Saturday, March 11, 2017

Book Reivew: The Sea & Civilization

Last month at a Half Price Books I stumbled across The Sea & Civilization by Lincoln Paine, a lengthy tome of maritime history. The description drew me in instantly and I purchased it, but as I was mostly reading it in small portions during my lunch, it took my well over a month to work through its 599 pages. That may sound lengthy, and it is, because it needs to be. It is very broad in scope, covering the entire globe across tens of millennia.

It features archaeological, anthropological, and historical sources to reconstruct human travel along rivers and across seas. Based upon the area and era, the mixture of sources vary, but Paine uses whatever is available to paint the best picture he can of the maritime matters. He covers both civilian shipping and war at sea, and how they related to civilizations at a given time.

The topic of goods being traded and the maritime merchant world generally get more space than the naval matters, the life of a sailor, or the details of the ships. In part this is because of what written record survives, which often offered little insight into the life of the common civil or naval sailor, and little reliable about the ships involved. Some naval battles are discussed briefly to demonstrate typical technology or tactics of an era and civilization, or if a battle had an especially large impact upon history.

Whenever enough details are available about the ships and crews, from the written record or archaeological finds, Paine discusses them in suitable depth, but where they're scarce or unreliable short blocks of informed speculation hold sway instead. In part, this is an artifact of the times. Major merchants have long needed some degree of literacy, especially those who traded far and wide and needed to communicate with other merchants abroad. Most sailors were not very literate until recent centuries. Historians often went nowhere near the sea, and if they did, their unfamiliarity with ships and seafaring often resulted in vague descriptions. Even learned passengers those who traveled by ship and wrote of their journeys often left little reliable detail about the ships and crews.

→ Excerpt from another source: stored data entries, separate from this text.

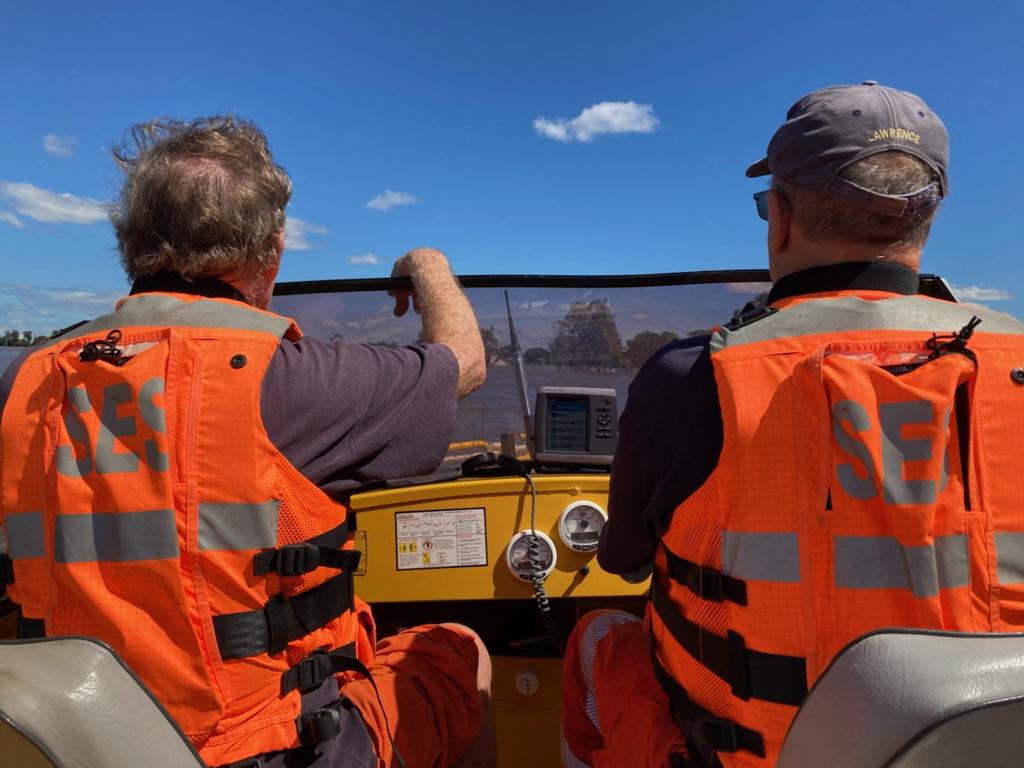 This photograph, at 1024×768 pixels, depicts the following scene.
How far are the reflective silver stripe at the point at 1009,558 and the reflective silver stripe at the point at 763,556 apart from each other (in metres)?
0.35

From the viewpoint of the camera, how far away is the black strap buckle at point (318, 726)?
1.59m

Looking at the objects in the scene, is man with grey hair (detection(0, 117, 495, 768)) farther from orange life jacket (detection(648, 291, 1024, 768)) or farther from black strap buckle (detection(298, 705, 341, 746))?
orange life jacket (detection(648, 291, 1024, 768))

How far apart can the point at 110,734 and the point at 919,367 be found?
1457 millimetres

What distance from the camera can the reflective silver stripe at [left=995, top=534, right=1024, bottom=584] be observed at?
127 centimetres

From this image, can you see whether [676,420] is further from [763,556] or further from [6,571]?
[6,571]

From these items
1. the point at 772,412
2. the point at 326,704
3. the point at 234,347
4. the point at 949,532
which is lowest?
the point at 326,704

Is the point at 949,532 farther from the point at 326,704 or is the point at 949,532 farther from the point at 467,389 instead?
the point at 326,704

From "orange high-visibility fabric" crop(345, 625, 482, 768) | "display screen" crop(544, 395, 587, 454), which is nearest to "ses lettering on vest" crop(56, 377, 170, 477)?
"orange high-visibility fabric" crop(345, 625, 482, 768)

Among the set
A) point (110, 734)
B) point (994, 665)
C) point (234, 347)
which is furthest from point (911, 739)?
point (234, 347)

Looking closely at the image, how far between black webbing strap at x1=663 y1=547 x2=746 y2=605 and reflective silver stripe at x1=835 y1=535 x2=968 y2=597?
0.60 ft

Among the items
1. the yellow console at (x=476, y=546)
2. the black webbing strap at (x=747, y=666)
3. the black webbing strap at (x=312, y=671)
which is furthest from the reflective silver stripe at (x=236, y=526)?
the yellow console at (x=476, y=546)

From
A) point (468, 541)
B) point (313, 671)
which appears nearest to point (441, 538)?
point (468, 541)

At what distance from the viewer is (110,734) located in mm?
1116

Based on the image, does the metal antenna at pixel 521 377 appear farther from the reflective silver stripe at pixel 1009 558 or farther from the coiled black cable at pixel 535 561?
the reflective silver stripe at pixel 1009 558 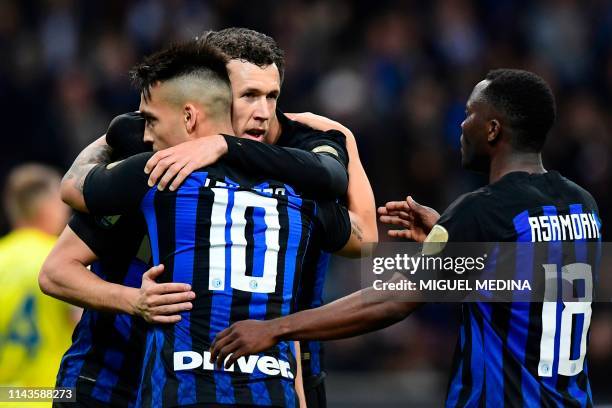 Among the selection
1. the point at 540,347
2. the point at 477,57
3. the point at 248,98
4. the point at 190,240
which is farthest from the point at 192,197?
the point at 477,57

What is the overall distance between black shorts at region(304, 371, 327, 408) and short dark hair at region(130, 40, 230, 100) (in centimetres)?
161

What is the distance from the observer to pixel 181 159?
154 inches

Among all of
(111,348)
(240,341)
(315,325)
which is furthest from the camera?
(111,348)

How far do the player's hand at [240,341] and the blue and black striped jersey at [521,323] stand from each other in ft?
2.55

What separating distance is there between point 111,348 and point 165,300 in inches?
32.5

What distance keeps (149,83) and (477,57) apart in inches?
357

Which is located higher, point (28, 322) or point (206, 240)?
point (28, 322)

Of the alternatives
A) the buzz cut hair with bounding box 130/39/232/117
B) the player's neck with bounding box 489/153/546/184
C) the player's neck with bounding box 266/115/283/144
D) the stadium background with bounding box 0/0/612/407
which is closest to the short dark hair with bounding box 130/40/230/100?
the buzz cut hair with bounding box 130/39/232/117

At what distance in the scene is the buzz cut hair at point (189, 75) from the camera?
412cm

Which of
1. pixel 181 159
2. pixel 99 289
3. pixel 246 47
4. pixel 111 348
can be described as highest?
pixel 246 47

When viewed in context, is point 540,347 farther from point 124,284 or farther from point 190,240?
point 124,284

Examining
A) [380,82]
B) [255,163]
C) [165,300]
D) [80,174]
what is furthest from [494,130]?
[380,82]

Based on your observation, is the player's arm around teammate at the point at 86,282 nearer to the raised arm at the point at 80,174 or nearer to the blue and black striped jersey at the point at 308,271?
the raised arm at the point at 80,174

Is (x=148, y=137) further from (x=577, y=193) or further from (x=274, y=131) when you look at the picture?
(x=577, y=193)
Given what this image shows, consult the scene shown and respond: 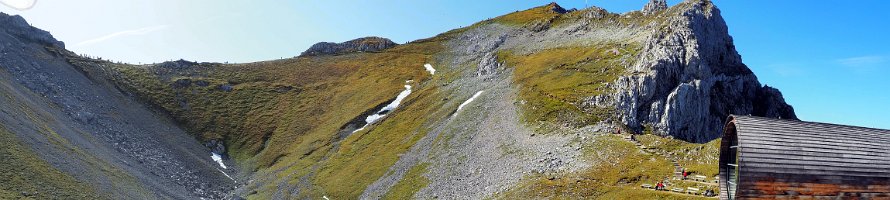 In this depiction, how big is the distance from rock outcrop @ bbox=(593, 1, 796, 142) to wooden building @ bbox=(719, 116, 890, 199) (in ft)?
176

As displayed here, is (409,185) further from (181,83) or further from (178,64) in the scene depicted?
(178,64)

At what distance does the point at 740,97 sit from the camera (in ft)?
321

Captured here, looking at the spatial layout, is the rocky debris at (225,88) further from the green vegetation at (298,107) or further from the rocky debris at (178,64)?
the rocky debris at (178,64)

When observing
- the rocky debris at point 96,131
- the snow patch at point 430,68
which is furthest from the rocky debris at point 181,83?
the snow patch at point 430,68

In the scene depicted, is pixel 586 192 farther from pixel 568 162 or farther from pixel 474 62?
pixel 474 62

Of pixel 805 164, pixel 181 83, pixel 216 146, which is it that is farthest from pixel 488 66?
pixel 805 164

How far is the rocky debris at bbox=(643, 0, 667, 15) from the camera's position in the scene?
138375 mm

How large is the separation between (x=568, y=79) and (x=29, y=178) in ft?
269

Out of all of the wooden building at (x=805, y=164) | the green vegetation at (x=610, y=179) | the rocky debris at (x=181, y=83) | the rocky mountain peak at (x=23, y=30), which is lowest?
the green vegetation at (x=610, y=179)

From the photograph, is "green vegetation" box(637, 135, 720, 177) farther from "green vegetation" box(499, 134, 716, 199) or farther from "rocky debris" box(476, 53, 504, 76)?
"rocky debris" box(476, 53, 504, 76)

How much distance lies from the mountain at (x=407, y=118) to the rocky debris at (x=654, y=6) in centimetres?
40

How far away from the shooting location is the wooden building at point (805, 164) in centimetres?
2277

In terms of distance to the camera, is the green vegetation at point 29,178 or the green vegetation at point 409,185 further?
the green vegetation at point 409,185

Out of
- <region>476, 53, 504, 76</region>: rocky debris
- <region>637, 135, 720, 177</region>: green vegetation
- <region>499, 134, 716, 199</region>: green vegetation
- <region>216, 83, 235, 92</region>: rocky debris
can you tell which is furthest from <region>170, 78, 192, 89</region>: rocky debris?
<region>637, 135, 720, 177</region>: green vegetation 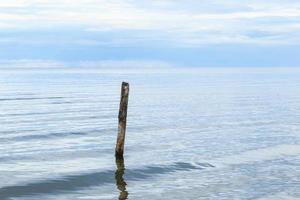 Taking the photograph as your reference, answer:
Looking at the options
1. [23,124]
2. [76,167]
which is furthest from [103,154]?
[23,124]

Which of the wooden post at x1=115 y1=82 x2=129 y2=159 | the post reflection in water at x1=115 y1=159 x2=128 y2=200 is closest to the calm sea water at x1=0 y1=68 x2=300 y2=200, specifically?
the post reflection in water at x1=115 y1=159 x2=128 y2=200

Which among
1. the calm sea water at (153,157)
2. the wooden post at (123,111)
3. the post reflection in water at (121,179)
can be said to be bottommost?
the post reflection in water at (121,179)

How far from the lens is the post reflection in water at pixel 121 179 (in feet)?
67.8

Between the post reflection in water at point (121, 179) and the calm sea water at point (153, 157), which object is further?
the calm sea water at point (153, 157)

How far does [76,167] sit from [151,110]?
32.9 meters

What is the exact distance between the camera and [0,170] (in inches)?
979

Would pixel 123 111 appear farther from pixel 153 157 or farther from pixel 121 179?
pixel 121 179

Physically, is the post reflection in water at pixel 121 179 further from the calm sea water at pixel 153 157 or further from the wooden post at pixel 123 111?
the wooden post at pixel 123 111

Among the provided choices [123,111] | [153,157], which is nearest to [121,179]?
[123,111]

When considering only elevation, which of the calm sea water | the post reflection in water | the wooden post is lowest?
the post reflection in water

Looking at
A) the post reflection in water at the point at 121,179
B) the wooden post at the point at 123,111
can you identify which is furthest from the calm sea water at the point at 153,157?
the wooden post at the point at 123,111

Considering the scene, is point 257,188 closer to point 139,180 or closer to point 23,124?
point 139,180

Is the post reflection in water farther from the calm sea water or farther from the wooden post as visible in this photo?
the wooden post

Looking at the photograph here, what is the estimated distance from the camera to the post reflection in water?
20663 millimetres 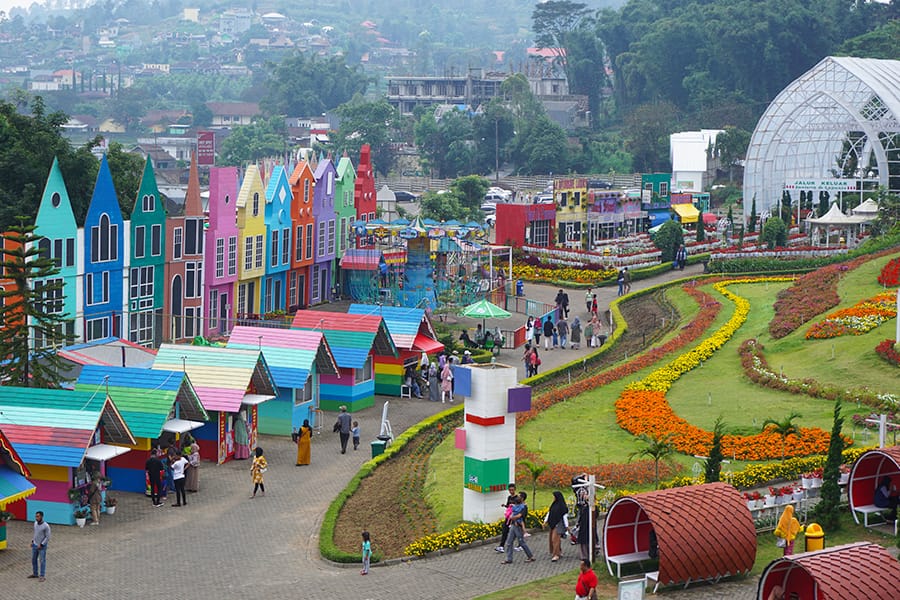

Despite that, I found that this book helped the maritime past come alive in my mind's eye. It filled in many blanks in my knowledge, particularly with respect to the maritime practices of the Indian Ocean and East Asia. I'm definitely glad I read this book and intend to retain it as a reference.

There is an extensive section of source notes and bibliography at the end. There were no noticeable issues with typos or printing. However, I do not like the deckle (rough, untrimmed) edges of the printing I purchased.

I would definitely recommend this book to anybody with an interest in seafaring, naval history, or history in general. If you're not reading it in 15-20 minute portions, it will probably be devoured at a much faster pace than I managed.